The restrict keyword in C is a forgotten keyword, with only auto and register more bygone. It is used as a compiler hint, to tell it that pointers does not write on each other, otherwise (without it) when multiple pointers are used in a function and some data is written, it has to reload the pointer each time because it cannot gurantee the pointer itself, or the data it points to was not modified.
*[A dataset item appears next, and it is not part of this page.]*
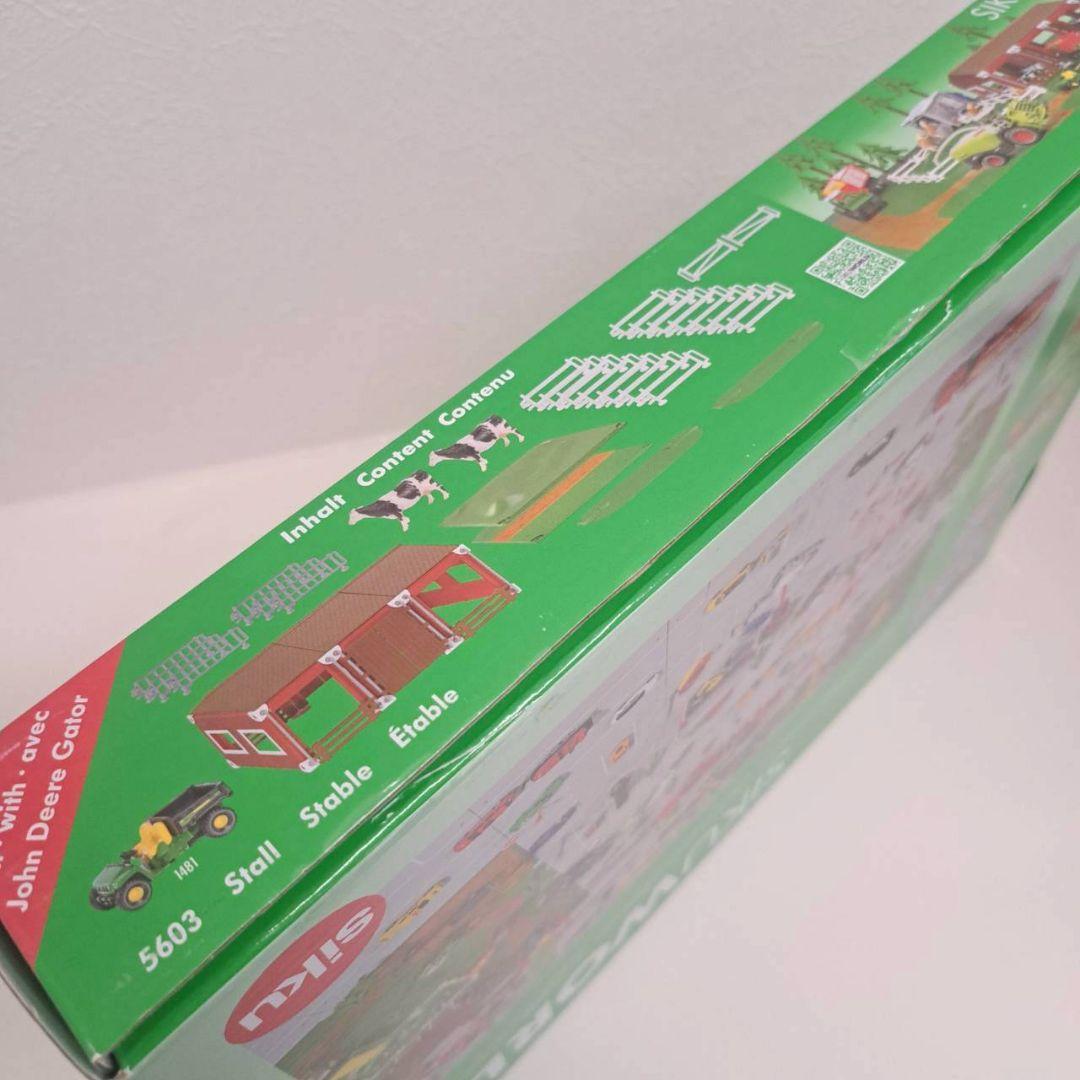 SIKU WORLD ジクワールド 5603 農場　ボーネルンド　ミニカー　動物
Let’s see a simple example:
void copy_sum(int *dst, int *src, int *val, int n)
{
for (int i = 0; i < n; i++)
{
dst[i] = src[i] + *val;
}
}
The pointers dst and src could in theory point to overlapping memory, or even equal. The compiler can’t know they don’t overlap. So, inside the loop, after writing to dst[i], the compiler must assume that this write could have changed the memory pointed to by src (if dst equals src), and vice versa.
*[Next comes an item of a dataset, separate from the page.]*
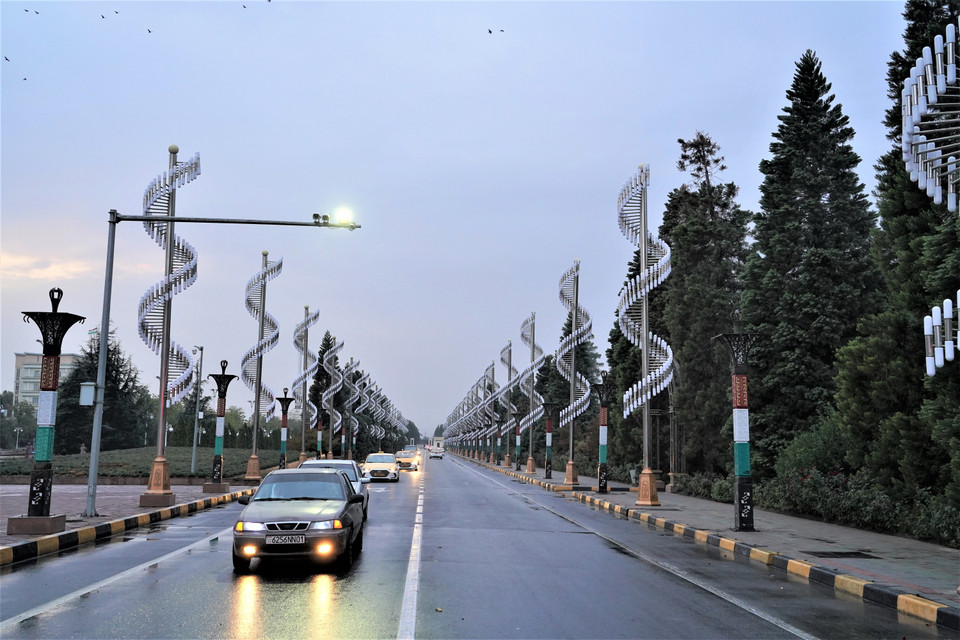 Đường phố trung tâm Dushanbe. (Ảnh: Duy Trinh/TTXVN)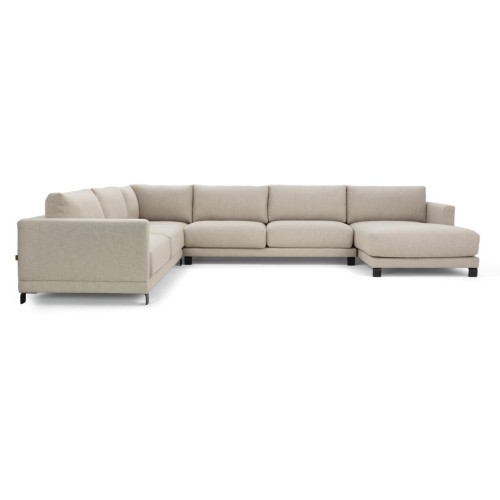 Sofa narożna prawostronna Harvey w jasnym, teksturowanym materiale. Wymiary: 260x380x160x83 cm. Ułożona w kształcie litery L, z wygodnymi poduszkami oparciowymi i niskimi nogami. Proste, nowoczesne wykończenie na białym tle.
That means on every iteration, the compiler has to:
- reload the value of
dstandsrcfrom memory, instead of keeping them in registers (for potential aliasing), - maybe reload
*valas well, if it could alias to one of the other pointers.
If we look at the optimized x86 assembly generated -
copy_sum:
movq %rdx, %r8
testl %ecx, %ecx
jle .L1
movl %ecx, %ecx
xorl %eax, %eax
salq $2, %rcx
.L3:
movl (%r8), %edx
addl (%rsi,%rax), %edx
movl %edx, (%rdi,%rax)
addq $4, %rax
cmpq %rax, %rcx
jne .L3
.L1:
ret
Inside the loop, the compiler emits movl (%r8), %edx and addl (%rsi,%rax), %edx in every iteration. This means that every time through the loop, the compiler is reloading from val (*val) and from src[i] ((%rsi,%rax)).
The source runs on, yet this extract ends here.